The UN-backed November 29-December 10 talks in Cancun follow an acrimonious summit in the Danish capital one year ago on pushing back the threat of climate change after 2012.

"It's probably going to be tough" in Cancun, Hedegaard told AFP, acknowledging that the goal of an internationally binding deal had slipped given the unchanging positions of China and the United States.

The two giants clashed at a UN climate meeting in China in October, accusing each other of blocking progress ahead of Cancun.

"In the end, what matters is that the world's two largest emitters ... that they also say: 'Yes, we really want to do this,'" Hedegaard said.

"They have a huge responsibility."

Hedegaard called for a practical approach and smaller goals, such as deals on deforestation, setting up climate warning systems, progress on financing, and encouraging the transfer of cleaner technology to poorer countries.

Actions such as emissions targets from businesses and countries in recent years showed that the United Nations Framework Convention on Climate Change (UNFCCC) was making progress, Hedegaard said.

"If we do not have this process then people should not believe that OK, then there is just some magical bullet," she added.

Recent weather -- including an unprecedented heatwave in Russia, record temperatures in the Middle East, heavy rain in northern Europe and flooding which caused massive mudslides in China -- fits with scientific predictions regarding climate change, Hedegaard said.

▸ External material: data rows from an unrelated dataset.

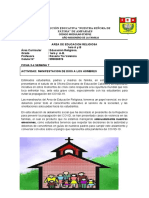 FICHA DE APRENDIZAJE - 1° Religio S-7 IMAGEN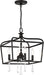 Minka-Lavery 4447-66A Laurel Estate Four Light Foyer/Semi Flush, Coal Alternate Image 2.jpg
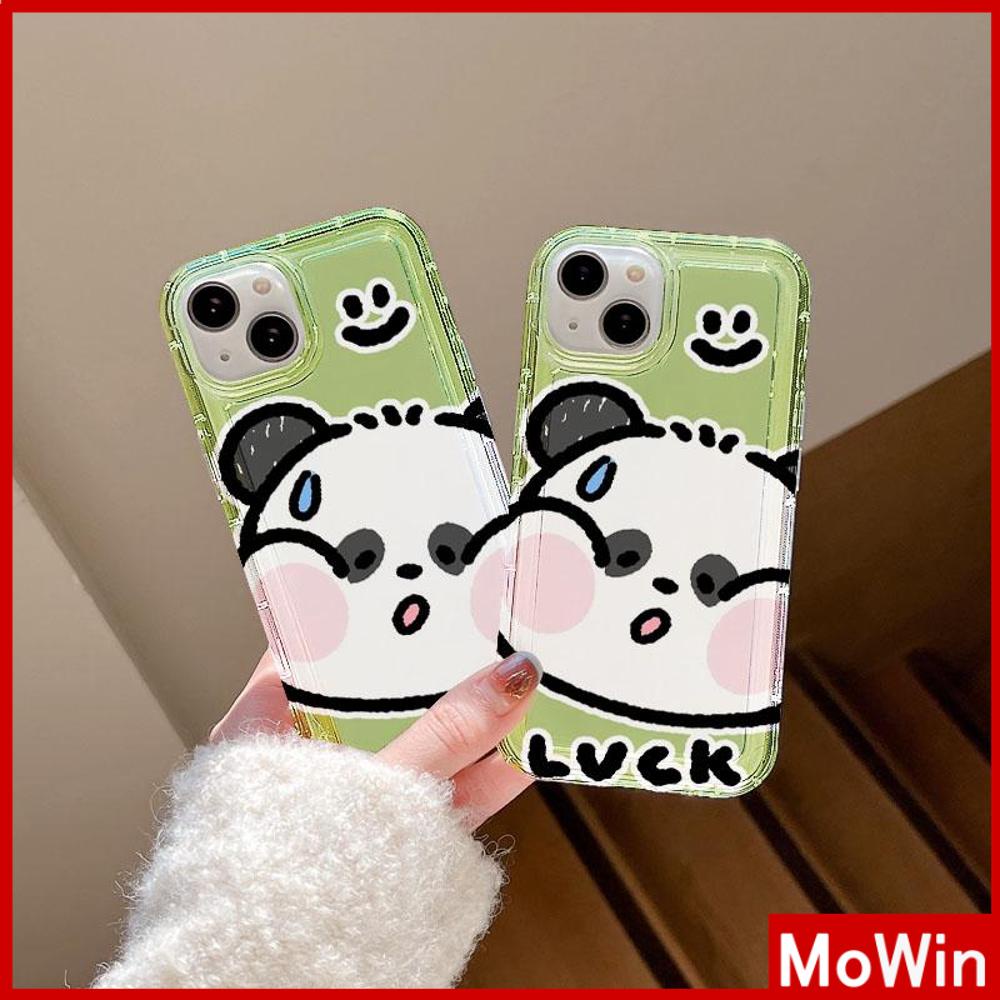 Case iPhone 14 Pro Max iPhone Case Bening Case TPU Soft Case Airbag Shockproof Perlindungan Kamera Makan Lucu Panda Bambu untuk iPhone 13 Pro Max iPhone 12 Pro Max 11 8Plus 7Plus 6Plus
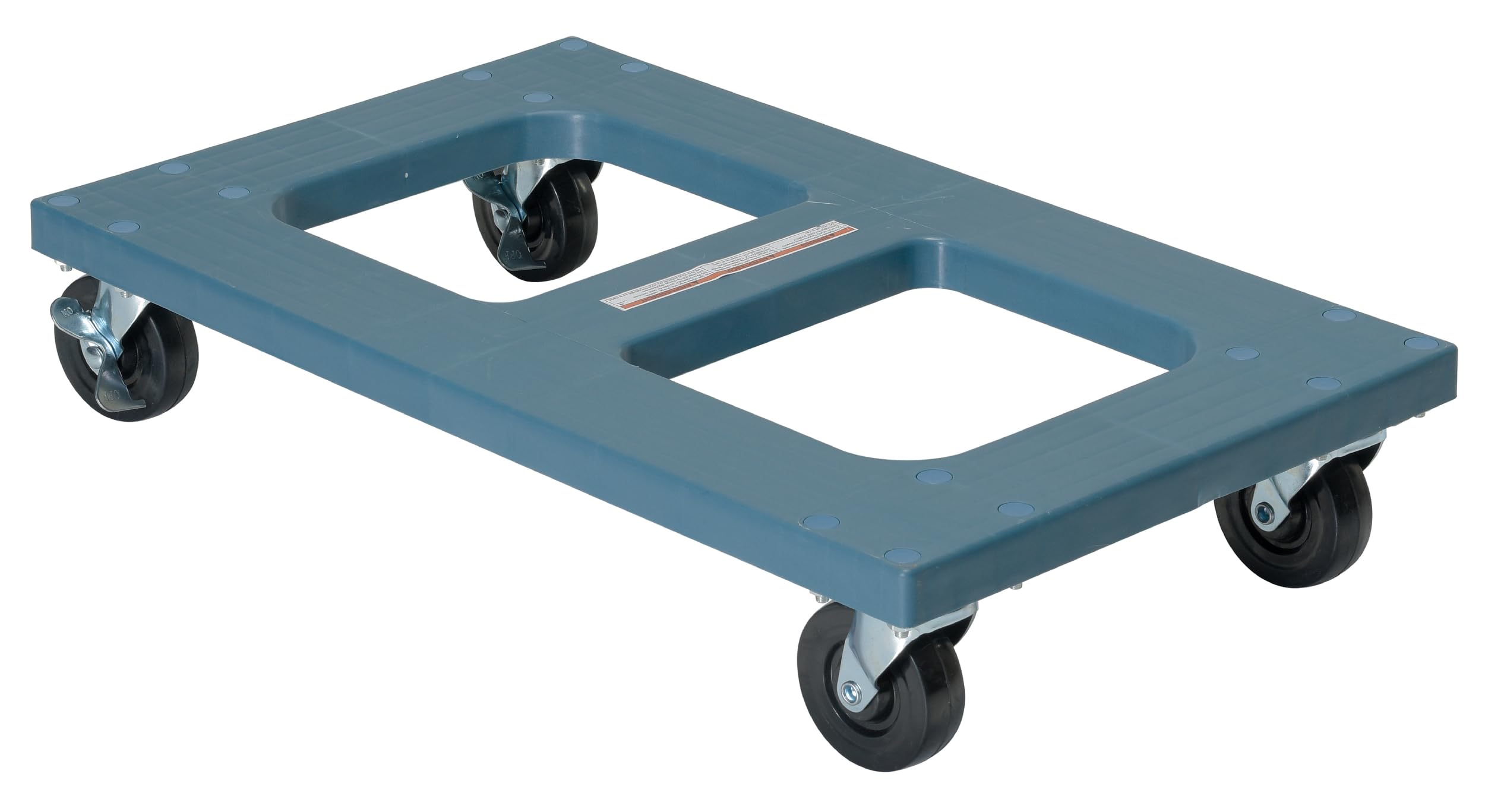 Vestil DOL-1830-F Polyethylene Dolly with Flush Top, 1000 lbs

"I do not say that every time you see heavy precipitation that it's due to climate change, I just say that all the things you saw globally this year are very much in line with what scientists had warned us would happen."

The long-running UN negotiations are aimed at eventually securing a binding global treaty on how to limit and cope with climate change.

This would replace the Kyoto Protocol, which expires at the end of 2012.

Representatives of 51 countries and the European Union took part in the two-day meeting in the Mexican capital, ending Friday.